Angelina Jolie udała się do Białego Domu, aby wziąć udział w uroczystej kolacji zorganizowanej przez amerykańską parę prezydencką. Aktorce towarzyszył jej najstarszy syn Maddox, którego gwiazda poznała w Kambodży i adoptowała na początku 2002 roku. Spotkanie odbyło się w ramach obchodów 70. rocznicy zawiązania sojuszu Stanów Zjednoczonych z Koreą Południową, który ma "kluczowe znaczenie dla utrzymania pokoju, stabilizacji i dobrobytu na terenie Indo-Pacyfiku i na całym świecie".
Specjalnymi gośćmi państwa Bidenów byli przywódca Korei Południowej Yoon Suk Yeol i jego żona Kim Keon Hee.

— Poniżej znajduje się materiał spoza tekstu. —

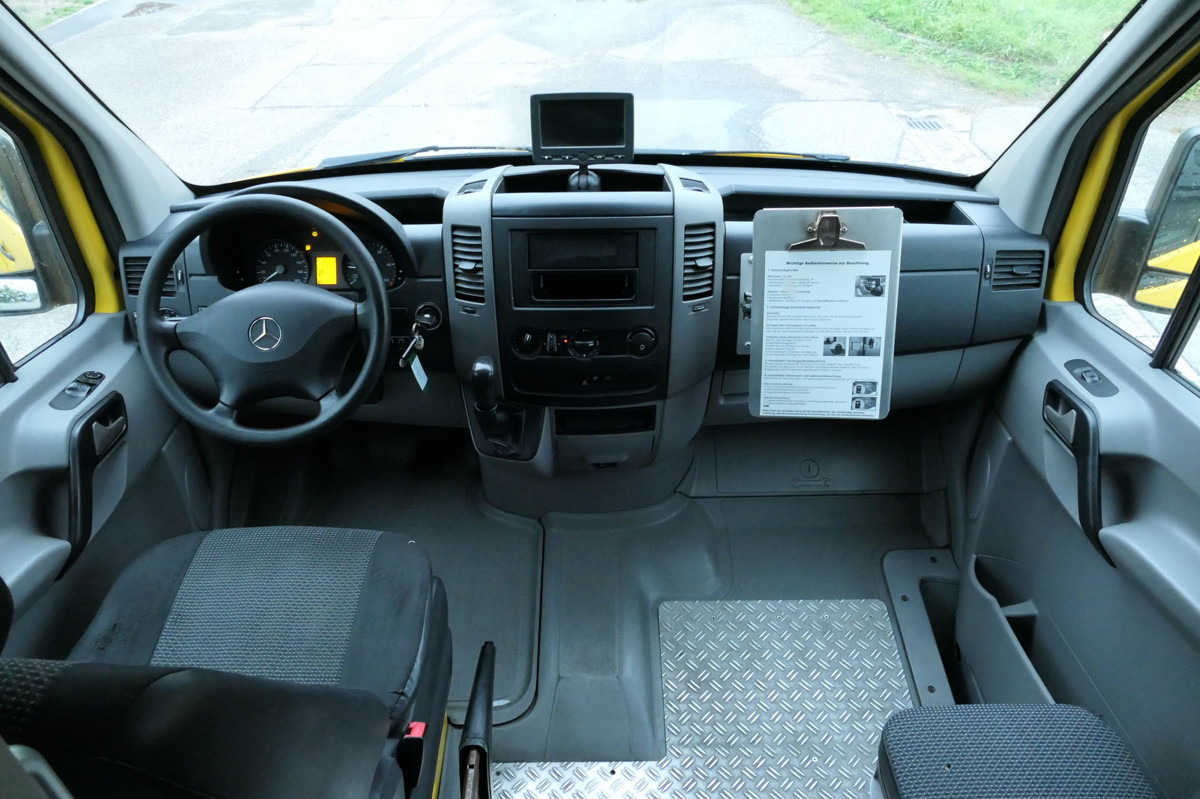 Dobozos kisteherautó MERCEDES-BENZ SPRINTER 310 CDI MAXI EURO-5 KOFFER REGALE KAMER: 6 kép.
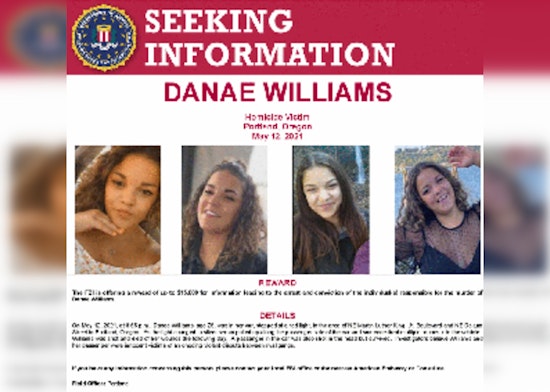 FBI Offers $15,000 Reward in 2021 Portland Cold Case Murder of Danae Williams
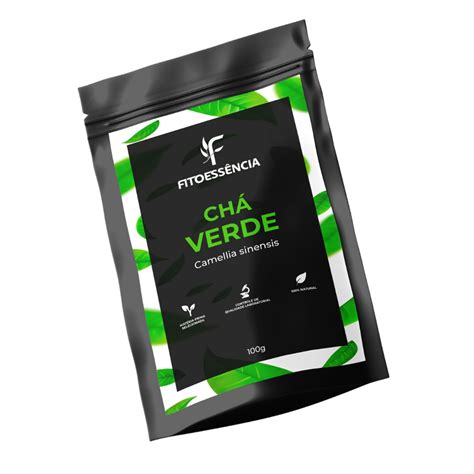 Ch Verde Premium Camellia Sinensis G Sabor E Qualidade Natural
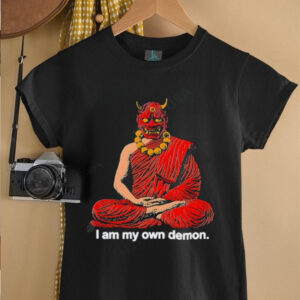 I Am My Own Demon Buddhist Oni Mask Meditating Monk...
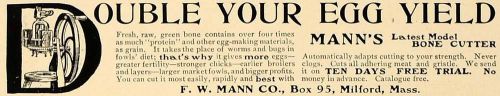 1906 ad f.w. mann bone cutter egg yield making material - original cl4 for sale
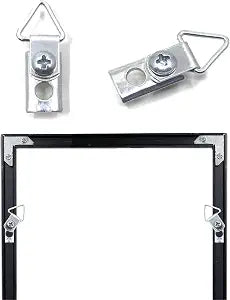 PHS Metal Picture Hangers for #11 Profile Aluminum Frame, 24 Pack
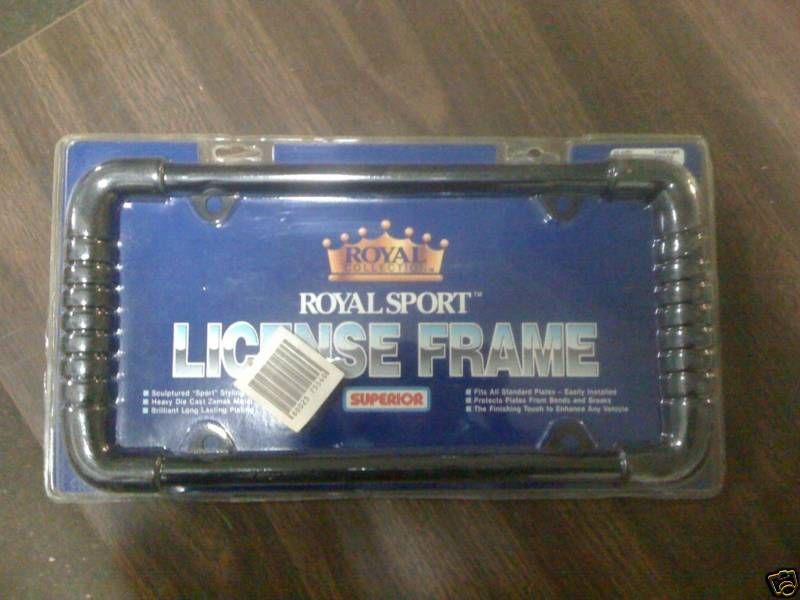 Superior #25-5751b royal sport license plate frame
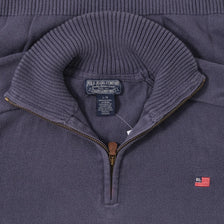 Polo Jeans Q-Zip Knit Sweater Large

"Prezydenci Biden i Yoon omówią znaczenie i trwałą siłę żelaznego sojuszu USA i Republiki Korei, a także niezachwiane zaangażowanie Stanów Zjednoczonych we wspieranie swojego sojusznika. Podczas wizyty poruszą oni kwestię pogłębienia i poszerzenia naszych więzi politycznych, gospodarczych i międzyludzkich" – czytamy w komunikacie prasowym Białego Domu.

Jak podkreśla w rozmowie z "People" osoba z otoczenia Jolie, temat spotkania jest aktorce szczególnie bliski.

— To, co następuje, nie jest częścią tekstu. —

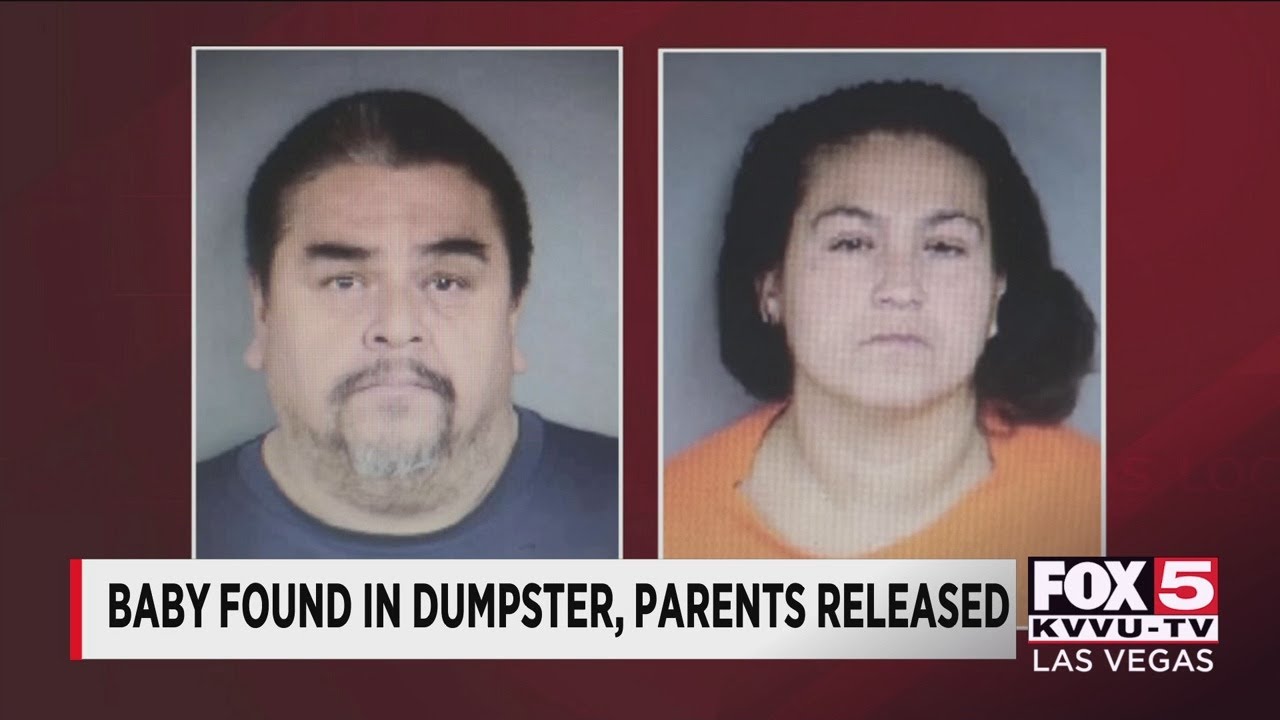 Parents released from jail in baby dumpster case - YouTube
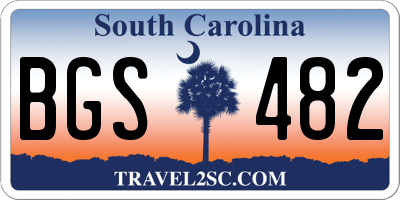 SC license plate BGS482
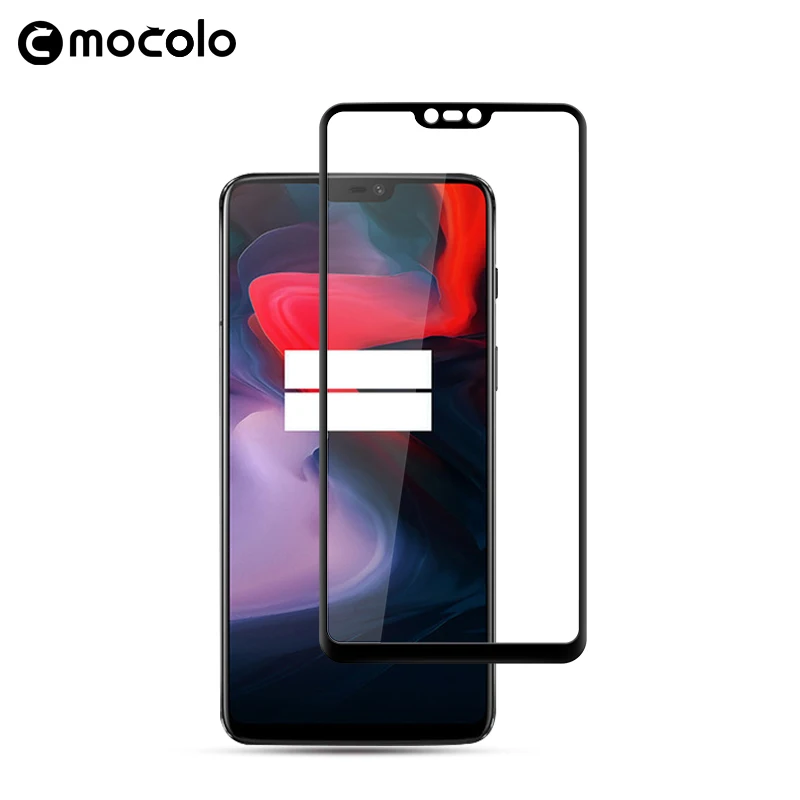 Mocolo 5D изогнутое полностью клеевое премиум стекло для OnePlus 6 полное покрытие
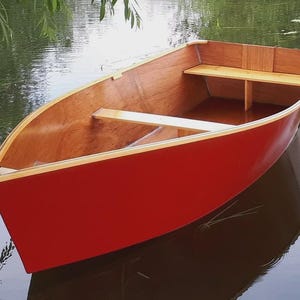 DIY Boat Building Plans – 10ft Plywood Dinghy | Row, Sail & Motor Wooden Boat | Digital PDF Download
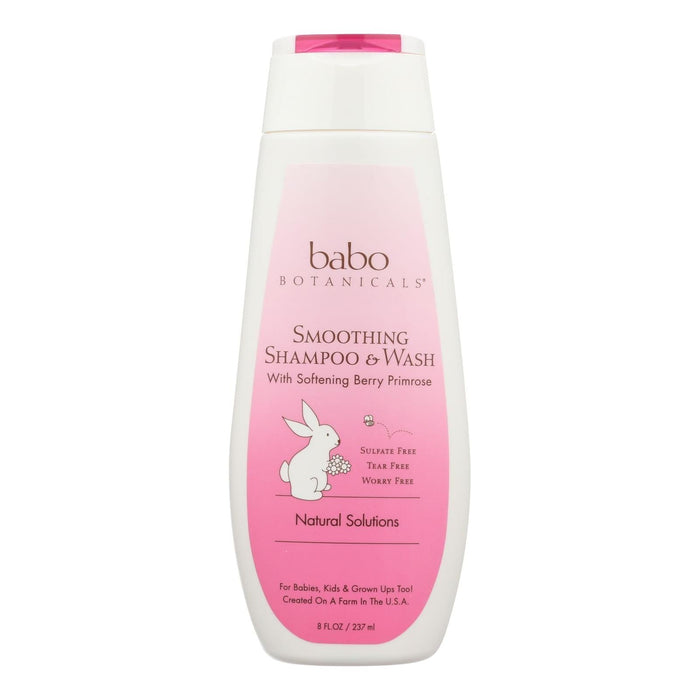 Babo Botanicals Smooth Detangling Shampoo (8 Fl Oz) - Berry Primrose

"Stosunki azjatycko-amerykańskie są ważne dla rodziny Angeliny. Ona i jej dzieci od wielu lat są związani z tym regionem. Maddox w 2019 roku rozpoczął studia na Uniwersytecie Yonsei w Seulu. Angelina odwiedzała Koreę Południową wiele razy. Oboje są zaszczyceni, że mogą uczestniczyć w tej kolacji" – ujawnił znajomy gwiazdy.

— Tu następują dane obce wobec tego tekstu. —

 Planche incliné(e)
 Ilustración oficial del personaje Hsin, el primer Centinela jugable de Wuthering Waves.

Laureatka Oscara, która do grudnia pełniła funkcję Specjalnego Wysłannika UNHCR, dała się poznać nie tylko jako utalentowana aktorka, ale także filantropka. Jolie odwiedzała kraje dotknięte konfliktami zbrojnymi i kryzysami humanitarnymi, a także rozmawiała z uchodźcami i ofiarami kataklizmów. W lutym aktorka udała się do Iraku, by spotkać się z ofiarami ataków islamskich terrorystów.